There are two main kinds of optical telescopes—refracting and reflecting. Refracting telescopes use a lens to magnify objects; reflecting telescopes use a curved mirror.


A. Refracting Telescopes


Refracting telescopes, or refractors, use a glass lens to bend, or refract, starlight and bring it to a focus. The lens is convex, meaning that the center of the lens is its thickest part, and the lens becomes thinner toward its edges. A convex lens bends light at the edge of the lens to a greater angle than light coming through the center, so all of the rays converge to a focus. The distance between the lens and the place where the rays converge is called the focal length of the lens. A refracting telescope's light-gathering power is proportional to the size of the objective, or main, lens and to the ratio of the focal lengths of the objective lens and the eyepiece.

Refracting telescopes are typically hampered by chromatic aberration, which causes different colors of light to come to a different focus because every color has its own degree of refraction. Chromatic aberration causes the image of a star or planet to be surrounded by circles of different colors.

Another fundamental limitation of refractors is that lenses with diameters beyond 40 in (100 cm) are impractical because they weigh more than half a ton and sag under their own weight, distorting the starlight. They cannot be supported from behind, as optical mirrors are.


B. Reflecting Telescopes


A reflecting telescope uses a precisely curved mirror instead of a lens to collect starlight. The mirror is concave—that is, shaped like the inside of a dish—a shape that brings reflected light waves to a focus at a point above the mirror. Reflecting telescopes are especially useful for gathering light from dim objects. A reflecting telescope's light sensitivity increases with the square of the diameter of the telescope's mirror, so doubling the mirror's diameter increases light-gathering power by a factor of four. Not only can a larger telescope see fainter objects, but it can also obtain the data in a fraction of the time required for a smaller telescope. Larger reflecting telescopes can typically detect objects that are a millionth or a billionth the brightness of the faintest star seen by the human eye.

The ideal mirror for a reflecting telescope has a parabolic or hyperbolic shape that brings distant light rays to a precise focus. Such mirrors are difficult to make because the curvature of the mirror's surface changes with its distance from the center, unlike a simpler, though not as precise, spherical reflector. A telescope mirror is cast from special molten glass that will not significantly expand or contract with temperature once it cools and hardens. Pyrex glass has been commonly used, and newer materials include borosilicate glass and a glass-ceramic composite.

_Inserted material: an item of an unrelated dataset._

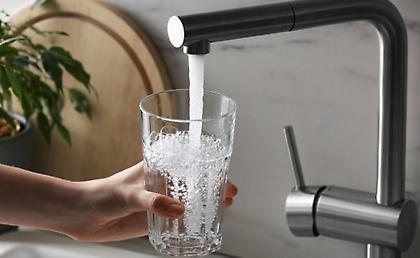 Νερό εμφιαλωμένο ή βρύσης: Ποια είναι η καλύτερη επιλογή;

The molten glass is cast as a mirror blank, a flat, thick disk that approximates the size of the finished mirror. It then must cool slowly to avoid cracking. Once cooled, the flat mirror blank's surface is ground and polished to the right shape using a computer-controlled polishing tool that rubs a liquid slurry of fine abrasive across the glass. This process must be extraordinarily accurate—differences in the surface must be smaller than a fraction of the width of a human hair. A fine layer of aluminum is deposited on the glass to create a reflective surface.

A technique that reduces some of the time needed to grind a mirror to shape was developed in the 1990s. The glass is spun into the desired shape while it is still molten. Rotational forces move some of the glass toward the edge of the spinning container and into a shape called a paraboloid. After it cools, a spin-cast mirror does not require laborious grinding to remove excess glass.

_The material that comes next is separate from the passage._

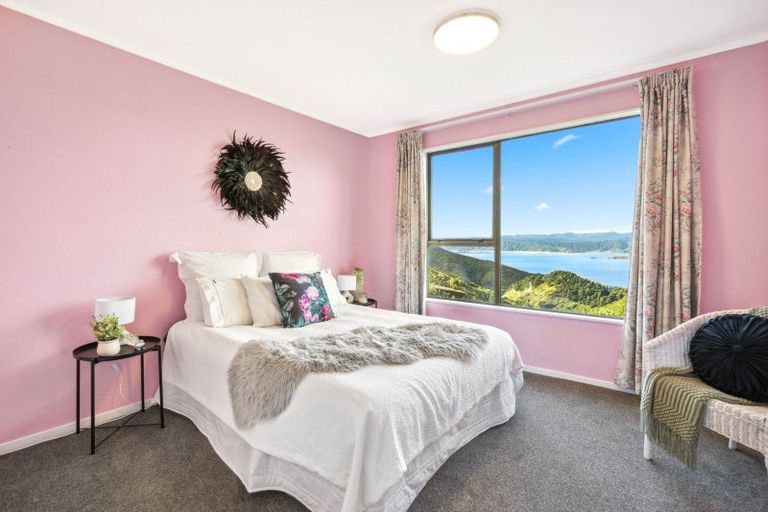 Photo of property in 20 Gurkha Crescent, Khandallah, Wellington, 6035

Astronomers seek ever-larger mirrors to increase the power and efficiency of telescopes. However, huge mirrors are expensive and difficult to make, and they are challenging to move while tracking celestial targets. One particularly daunting problem is that a solid glass mirror is heavy. The 200-in (508-cm) Hale telescope on California's Mount Palomar weighs 14 tons.

In the 1990s a daring and innovative design broke the mirror size barrier. Each of the twin Keck telescopes located in Mauna Kea, Hawaii, combined 36 hexagonal 72-in (183-cm) mirrors together, like bathroom tiles, to behave like one immense 400-in (1,016-cm) mirror having four times the collecting power of Palomar.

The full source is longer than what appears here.